1. This is a defendant's appeal from an order of remand passed by the Civil Judge of Jaunpur in an appeal from the decision of the Additional Munsif of Jaunpur, dated 6th January 1937. Jagdeo, father of the plaintiffs, Earn Sanmukh Misir and others, made a mortgage in favour of Rajeshwar Dube, defendant, in the year 1928, mortgaging certain joint family property. The mortgagee sued for mortgagee possession of the property. The only defendant to the suit was Jagdeo, mortgagor. One of the pleas which Jagdeo raised in that case was that he was representing the joint family of himself and his sons and that the mortgage was without legal necessity. The trial Court of the Munsif framed an issue about legal necessity and found that except for a sum of Rs. 15 the mortgage was for legal necessity. In the end the suit for mortgagee possession was decreed. Subsequently, the sons of the mortgagor brought a suit for a declaration that the mortgage made by their father was not binding upon them as it was without consideration and without legal necessity and further that if any consideration was paid it was given for immoral purposes. The trial Court of the Munsif dismissed the suit on the ground that the sons were effectively represented by their father in the previous suit on the mortgage and the decision in that suit operated as res judicata in the subsequent suit by the sons. In appeal the learned Civil Judge reversed the decision of the Munsif, holding that the sons were not parties to the previous litigation and the pleas on which the sons now seek to avoid the alienation were not open to the father and consequently the interest of the sons remained unaffected by the judgment against the father in the previous case. The lower Appellate Court accordingly remanded the case to the trial Court for decision on the merits. Hence this second appeal.

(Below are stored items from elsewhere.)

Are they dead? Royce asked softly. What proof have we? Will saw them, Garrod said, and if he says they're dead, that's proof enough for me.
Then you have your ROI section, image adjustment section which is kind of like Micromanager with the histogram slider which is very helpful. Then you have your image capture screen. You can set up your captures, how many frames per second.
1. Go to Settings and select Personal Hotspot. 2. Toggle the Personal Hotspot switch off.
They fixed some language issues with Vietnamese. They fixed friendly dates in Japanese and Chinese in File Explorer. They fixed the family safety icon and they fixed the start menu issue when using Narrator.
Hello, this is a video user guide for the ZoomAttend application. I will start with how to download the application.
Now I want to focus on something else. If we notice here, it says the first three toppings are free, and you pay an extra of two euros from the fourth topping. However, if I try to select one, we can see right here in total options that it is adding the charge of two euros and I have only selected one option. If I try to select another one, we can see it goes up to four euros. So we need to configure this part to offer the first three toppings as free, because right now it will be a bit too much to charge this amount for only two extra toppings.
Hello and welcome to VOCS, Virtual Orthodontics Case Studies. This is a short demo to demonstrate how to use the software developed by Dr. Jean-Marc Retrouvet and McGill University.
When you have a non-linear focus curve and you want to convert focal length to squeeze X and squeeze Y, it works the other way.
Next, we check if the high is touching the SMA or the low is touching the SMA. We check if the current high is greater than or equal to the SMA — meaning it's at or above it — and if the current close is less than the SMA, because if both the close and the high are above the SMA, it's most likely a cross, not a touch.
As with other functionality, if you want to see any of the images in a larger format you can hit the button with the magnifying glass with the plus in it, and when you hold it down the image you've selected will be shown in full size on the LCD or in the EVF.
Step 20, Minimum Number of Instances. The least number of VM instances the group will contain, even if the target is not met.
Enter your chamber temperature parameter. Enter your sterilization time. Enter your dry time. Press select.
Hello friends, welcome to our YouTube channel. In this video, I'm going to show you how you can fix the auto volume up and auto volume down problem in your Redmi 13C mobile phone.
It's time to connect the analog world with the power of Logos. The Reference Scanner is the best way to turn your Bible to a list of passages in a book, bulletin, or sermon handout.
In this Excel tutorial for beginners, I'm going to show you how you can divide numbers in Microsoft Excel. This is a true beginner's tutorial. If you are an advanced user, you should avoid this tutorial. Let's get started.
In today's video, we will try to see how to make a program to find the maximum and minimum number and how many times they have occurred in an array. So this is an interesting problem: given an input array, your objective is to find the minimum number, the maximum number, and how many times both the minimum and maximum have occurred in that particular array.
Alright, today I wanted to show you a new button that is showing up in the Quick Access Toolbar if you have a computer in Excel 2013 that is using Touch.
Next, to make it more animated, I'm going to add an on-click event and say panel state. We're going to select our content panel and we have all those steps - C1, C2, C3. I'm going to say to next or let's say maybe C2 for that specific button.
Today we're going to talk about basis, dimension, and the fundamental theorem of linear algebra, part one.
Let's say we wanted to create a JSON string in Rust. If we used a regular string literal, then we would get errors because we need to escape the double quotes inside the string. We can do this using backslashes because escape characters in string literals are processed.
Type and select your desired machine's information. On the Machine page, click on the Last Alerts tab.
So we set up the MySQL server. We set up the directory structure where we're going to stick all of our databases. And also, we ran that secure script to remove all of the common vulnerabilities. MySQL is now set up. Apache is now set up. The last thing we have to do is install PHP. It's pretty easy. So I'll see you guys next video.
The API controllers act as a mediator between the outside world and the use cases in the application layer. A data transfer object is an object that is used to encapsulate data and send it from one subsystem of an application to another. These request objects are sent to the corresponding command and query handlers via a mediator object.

2. In appeal before me learned Counsel for the mortgagee appellant has referred to the cases in Kazim Ali Khan v. Om Prakash : AIR1937All731 and Dharup Raj Misir v. Ram Audesh Missir : AIR1935All452 and has contended that because the father was previously sued in a representative capacity therefore the decision against Mm in that suit would bind the sons. The cases referred to above are no authority for the contention that a decree passed against the father for a debt contracted by him, even though the debt be not for family necessity or be illusory, immoral or illegal operates as res judicata and is binding upon the sons. Although it may not be legally necessary to implead the other coparceners in a suit by or against the manager, yet they would be proper parties to such a suit. Further, the right of the coparceners to object not on the ground of non-joinder but on the ground of the debt being not binding on them or as, being tainted with illegality or immorality is not affected by the proceedings to which they have not been made parties. It makes no difference that in the present case the father did as a matter of fact raise the plea about want of legal necessity and the trial Court wrongly allowed him to raise it and also gave a finding on it. It is elementary law that it is not open to an alienor to impeach his own alienation. In Debi Singh v. Jia Ram (1903) 25 All. 214 Banerji J. observed as follows:
In the cage of Hindu sons who were not party to the proceedings (under which the sale took place in execution of a decree obtained on foot of a mortgage made by the father) the mere fact of the sale having been held and confirmed does not preclude them from questioning the validity of it upon grounds which under the Hindu law would relieve them of the obligation which that law imposes upon them to pay their father's debts;
in other words that the debt was not of such a nature as to justify a sale of their interests also. The learned Judge relied' in support of his view on the following obseri. nations of their Lordships of the Privy Council in Nanomi Babuasin v. Modhun Mohun (1886) 13 Cal. 21:
It appears to their Lordships that sufficient care has not always been taken to distinguish between the question how far the entirety of the joint estate is liable to answer the father's debt and the question how far the sons can be precluded by proceedings taken by or against the father alone from disputing the liability. If the debt was of a nature to support a sale of the entirety he might legally have sold it without suit or the creditor might legally procure a sale of it by suit. All that the sons can claim is that not being parties to the sale or execution proceeding they ought not to be debarred from trying the fact or nature of the debt in a suit of their own.
2. Reference may also be made to the observations in Ram Krishna Narayan v. Vinayak narayan (1910) 34 Bom. 354 at p. 357, Ramasamayyan v. Virasami Ayyar (1898) 21 Mad. 222 at p. 225 and Surya Prosad v. Golab Chand (1900) 27 Cal. 724 at p. 743 where it was held that if a son after a decree being obtained against the father upon a mortgage executed by the latter sues to have it declared that his share, is not liable to satisfy the decree he cannot succeed unless he proves that the debt was contracted for immoral or illegal purpose or was of an illusory character. For the reasons stated above I hold that the suit of the sons is not barred by the rule of res judicata and the decision of the lower Appellate Court is correct. The appeal thus fails and is dismissed with costs. Leave to file Letters Patent appeal is refused.